### [Short text fragments from websites]
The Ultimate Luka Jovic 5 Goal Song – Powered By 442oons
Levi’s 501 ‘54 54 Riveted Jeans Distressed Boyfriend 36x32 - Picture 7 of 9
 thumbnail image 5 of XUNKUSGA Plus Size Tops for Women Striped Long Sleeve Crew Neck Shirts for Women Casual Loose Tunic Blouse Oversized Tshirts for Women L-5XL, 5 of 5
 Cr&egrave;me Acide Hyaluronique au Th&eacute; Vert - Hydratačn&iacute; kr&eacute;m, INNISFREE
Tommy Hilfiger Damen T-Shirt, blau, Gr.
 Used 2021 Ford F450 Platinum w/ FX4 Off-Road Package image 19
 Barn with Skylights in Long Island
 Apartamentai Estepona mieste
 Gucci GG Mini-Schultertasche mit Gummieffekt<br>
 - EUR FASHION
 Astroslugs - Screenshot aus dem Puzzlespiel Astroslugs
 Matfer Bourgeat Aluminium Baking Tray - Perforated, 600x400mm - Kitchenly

### [TO DO]
Determine how many lines above contain "image" and respond with that number only.

### [OUTPUT OF THE TASK]
2